→ **Exercise data**
'''

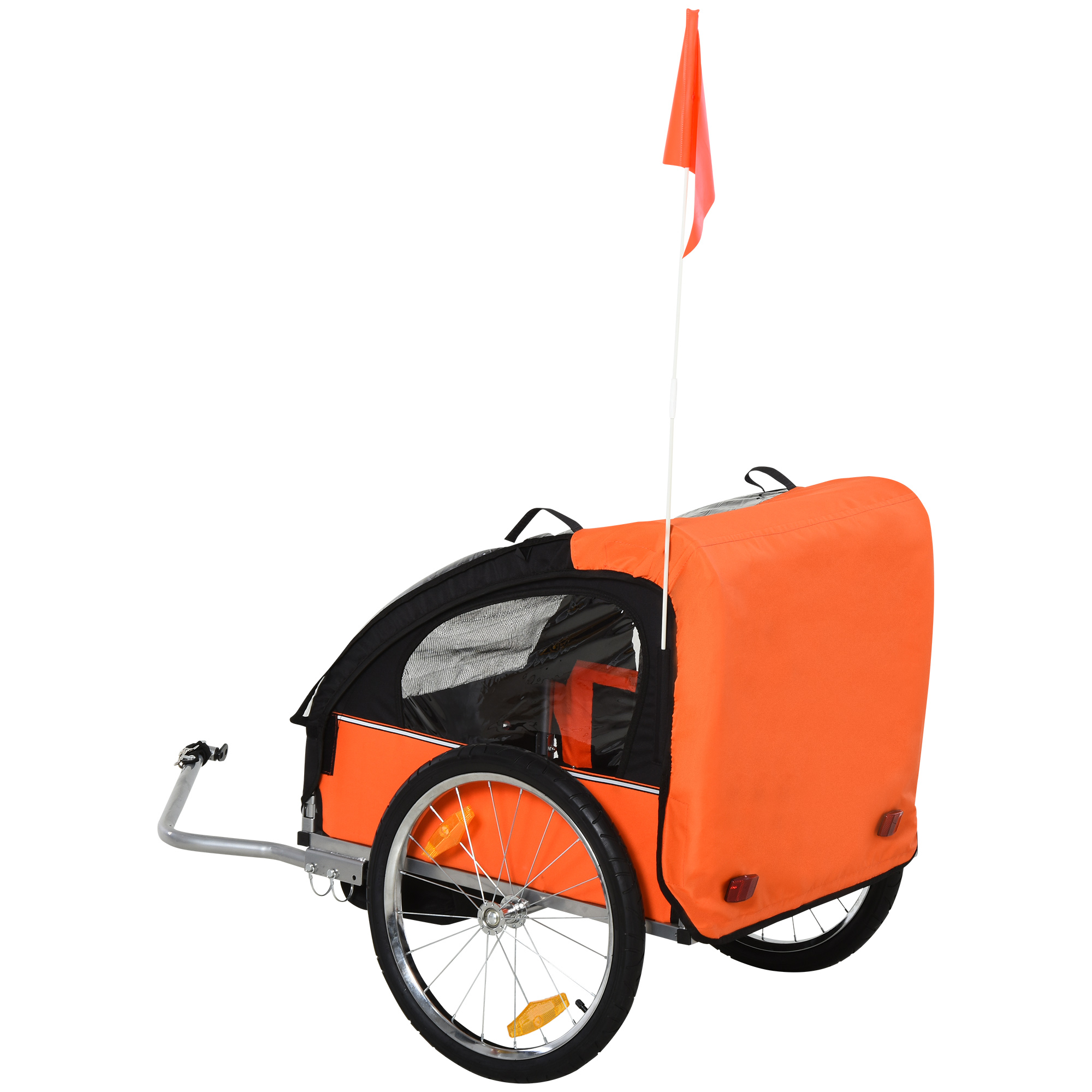 Un rimorchio per biciclette per bambini arancione e nero con una bandiera rossa. Ha una finestra a rete nera e sfondo bianco.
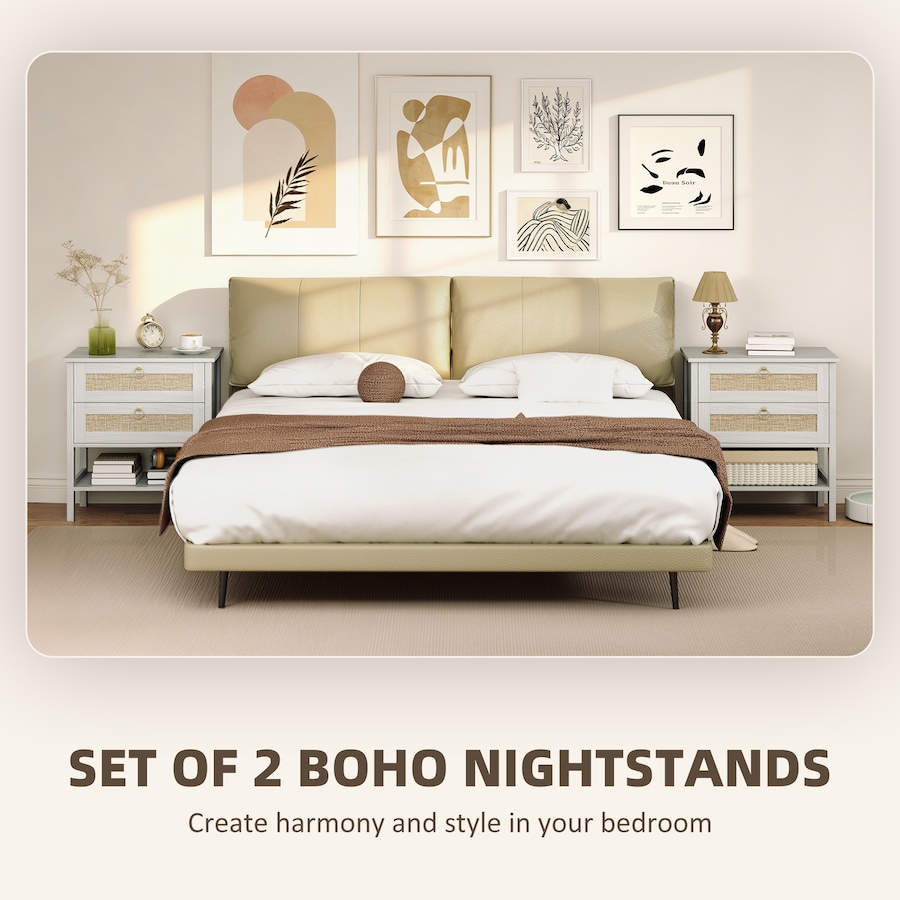 Image 980864_ALTMORE3.jpg, Product 980-864 / Price $200.84, HOMCOM Rattan Nightstands Set of 2 Bedside Tables with 2 Drawers White Oak from HOMCOM on TSC.ca's Home & Garden department
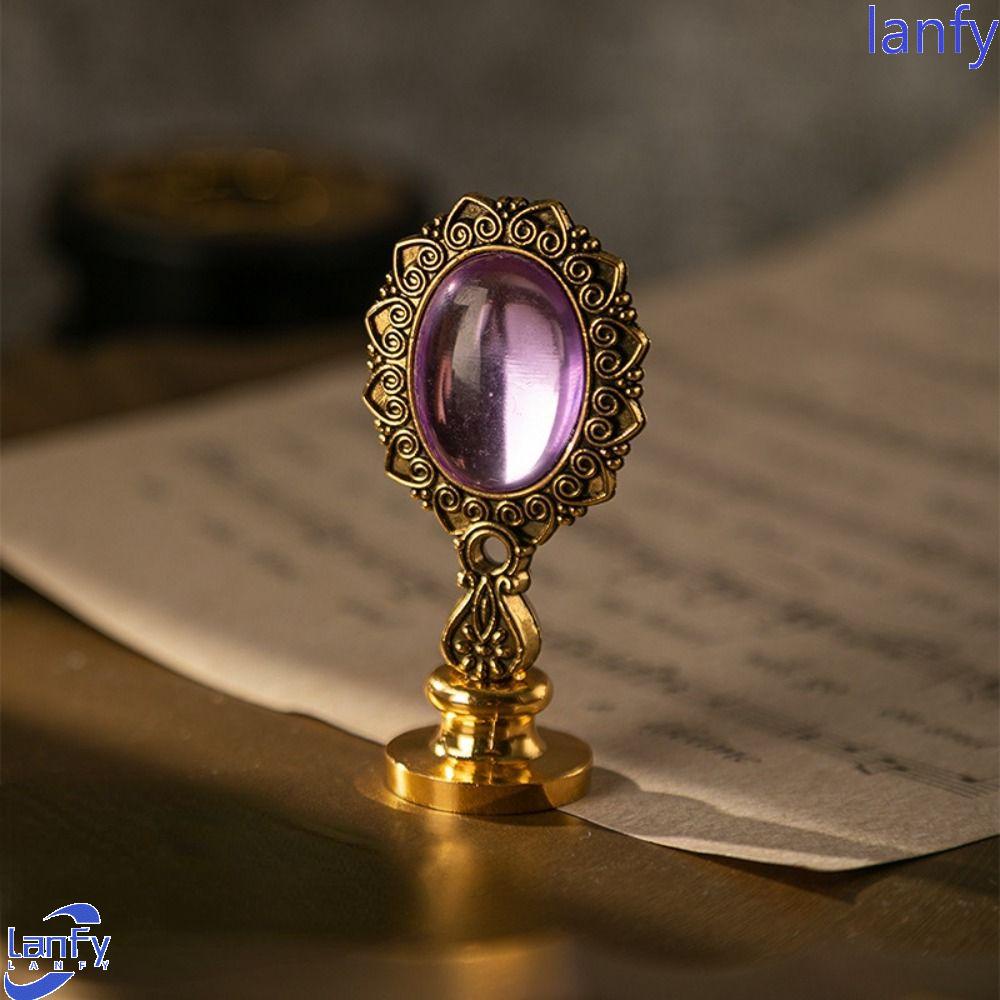 LANFY Wax Seal Stamp Handle Kreatif Logam Pertunangan Scrapbooking Tangan Akun Kartu Undangan Wax Stamp Aksesoris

'''

→ **What to do**
Drop the pictures and set down the data above exactly.

→ **Worked solution**
 Un rimorchio per biciclette per bambini arancione e nero con una bandiera rossa. Ha una finestra a rete nera e sfondo bianco.
 Image 980864_ALTMORE3.jpg, Product 980-864 / Price $200.84, HOMCOM Rattan Nightstands Set of 2 Bedside Tables with 2 Drawers White Oak from HOMCOM on TSC.ca's Home & Garden department
 LANFY Wax Seal Stamp Handle Kreatif Logam Pertunangan Scrapbooking Tangan Akun Kartu Undangan Wax Stamp Aksesoris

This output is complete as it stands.